Not content with inspiring others with their military feats, veterans have won a victory in the legal arena through a class action against government clawbacks on their pensions. Final approval of an $887-million settlement that includes retroactive payments and a scholarship fund of $10 million will leave 7,500 veterans better off and give a morale boost to those fighting similar battles at home.
The settlement of the Dennis Manuge class action went before Justice Robert Barnes of the Federal Court on Feb. 14, 2013. It deals with the reduction of long-term disability benefits by the amount of the monthly Veterans Affairs Canada disability pension paid under the Pension Act. McInnes Cooper filed the case in March 2007. While there remains some controversy over legal costs, the settlement has garnered praise from veterans’ groups such as the Royal Canadian Legion.

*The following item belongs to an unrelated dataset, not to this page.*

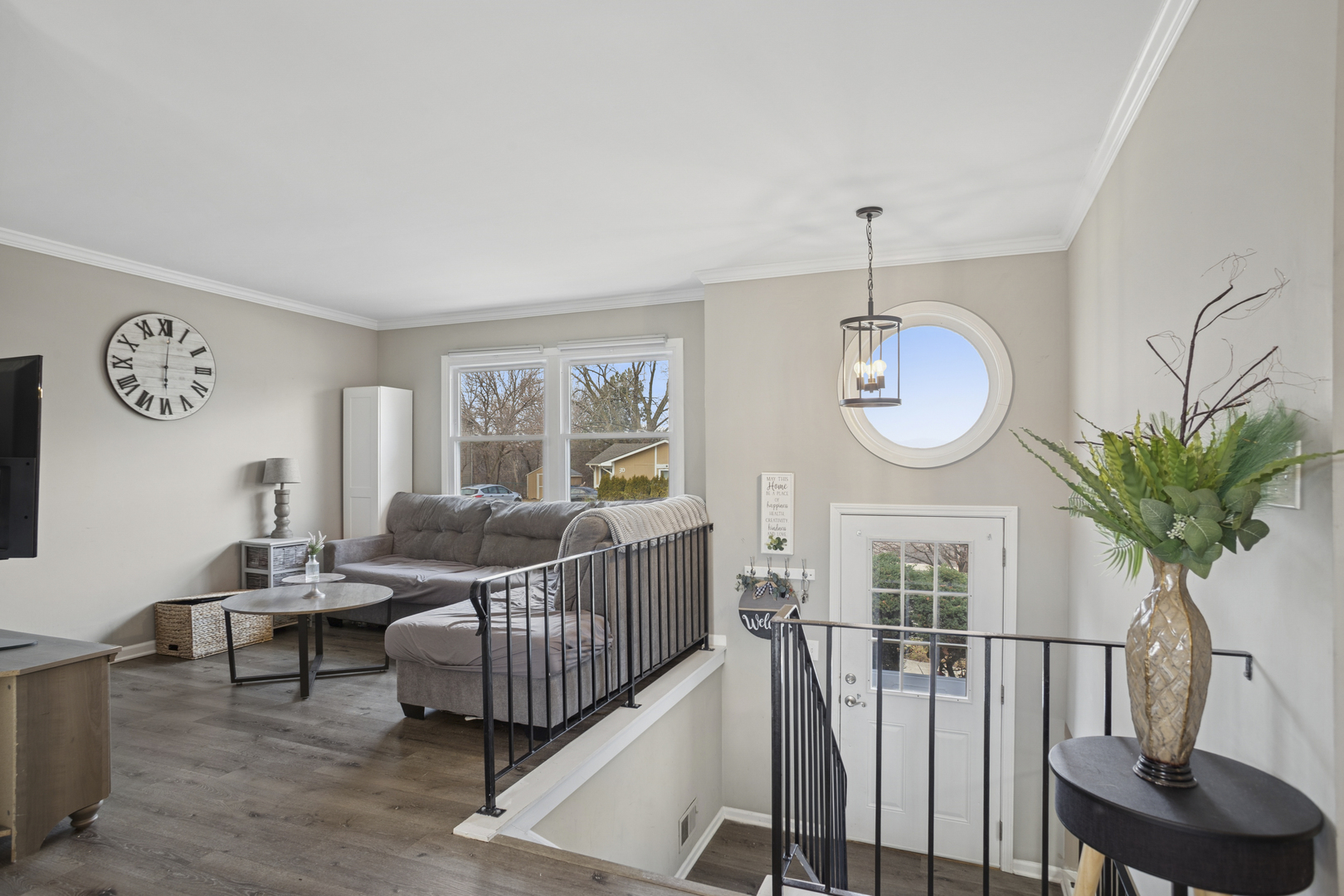 33 Opal Avenue, Glendale Heights, IL 60139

Andrea Siew, director of the service bureau for the legion’s dominion command, spent 28 years in naval intelligence before taking on an advocacy role with the organization. She applauds the direction the government took after a ruling on May 1, 2012, when Barnes stated that monthly Pension Act payments awarded to veterans with disabilities prior to April 2006 weren’t income and the government therefore couldn’t deduct them from the other benefits. The government chose not to appeal but instead negotiated a settlement with the assistance of University of British Columbia president Stephen Toope.

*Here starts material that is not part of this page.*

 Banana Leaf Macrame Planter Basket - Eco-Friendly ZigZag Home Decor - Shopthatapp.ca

“They stopped the unfair practice, which has a huge impact in terms of the amount of money available to veterans,” says Siew. “They also made it retroactive — the first time that government has provided retroactive relief.” She also praises the decision to include everyone eligible in the deal. “There is no cut-off date,” she notes.
Siew believes the settlement may set a precedent in other cases involving changes to policies and programs because of unfairness. “The whole issue of retroactivity is now firmly on the table.” She hopes it will lend weight to the legion’s battle over funeral and burial benefits that has yet to reach the courts. That dispute deals with both eligibility and amounts in the government’s provision of a funeral services grant.

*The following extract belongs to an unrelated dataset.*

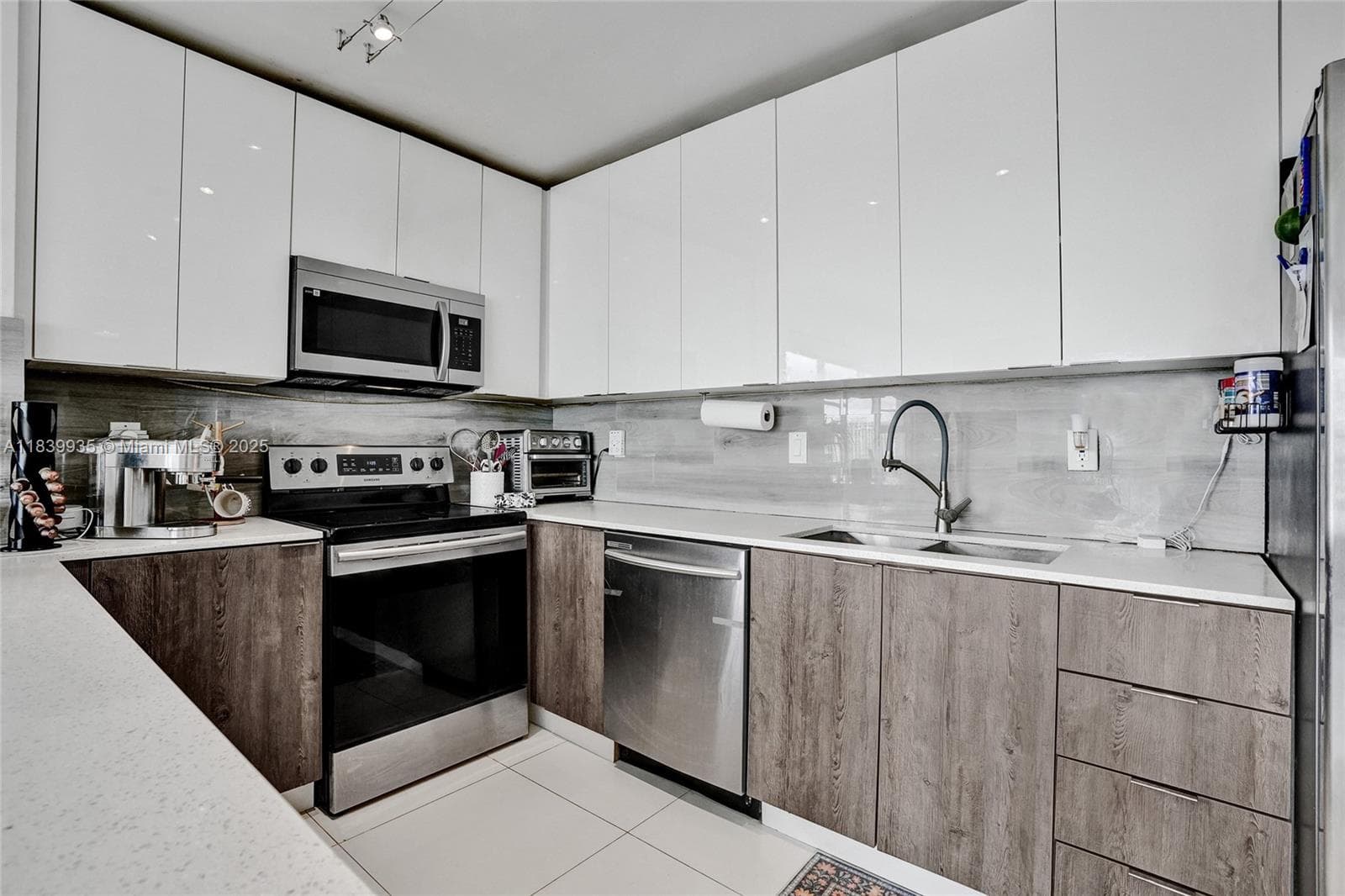11111 Biscayne Blvd # 1915, Miami FL 33181 — 8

Currently, the government pays $3,600 for a funeral to low-income war veterans with less than $12,000 in assets. “The average cost of a funeral in Canada is $7,000 to $12,000 and it is not available to post-Korean War veterans,” says Siew. “It caveats and excludes many and is very proscriptive. It can only be used for various specified costs.”
While the legion is concentrating on the policy perspective at present, the pension settlement gives Siew confidence that a legal approach can be successful. “It shows you can challenge the government. It takes a long time, but you can win.”
The most immediate beneficiary of the decision may be the RCMP in terms of its own class action challenging exactly the same clawback as the military. McInnes Cooper is on that file as well and the legion is advocating on the RCMP’s behalf. “We have already gone forward to the government and said that if it is an unfair practice for the Canadian Forces, then it should be considered an unfair practice for the RCMP as well,” says Siew.
Another legal matter that may get a boost is the Supreme Court of British Columbia class action lodged by Miller Thomson LLP on Oct. 30, 2012, challenging the 2006 new veterans’ charter. The statement of claim alleges the charter serves to reduce soldiers’ recompense by up to 50 per cent over their lifetimes and is therefore discriminatory and contrary to s. 15 of the Charter of Rights and Freedoms.
Don Sorochan of Miller Thomson says he takes heart from the disability settlement. “They spent seven years with the usual Department of Justice feet dragging but when they finally got to the merits, the government gave in. Hopefully, they have learnt the lesson that stalling tactics don’t work at the end of the day. We hope for a more constructive approach.”
So far, the Miller Thomson pro bono team has had only minimal contact with the government but lawyers learned in the last few weeks that it plans to oppose the certification motion. “Admittedly, ours is a much more complicated case,” says Sorochan. “There are not just legal issues but constitutional issues. Still, we hope there will be some movement as the merits show we are justified.”
The parties are jointly applying for judicial case management. “Our position will be that it should be treated with some urgency,” says Sorochan. “In the Halifax case, the veterans had already been approved for payments. In our case, many people haven’t been given proper compensation at all. They are suffering from that on a day-by-day basis.”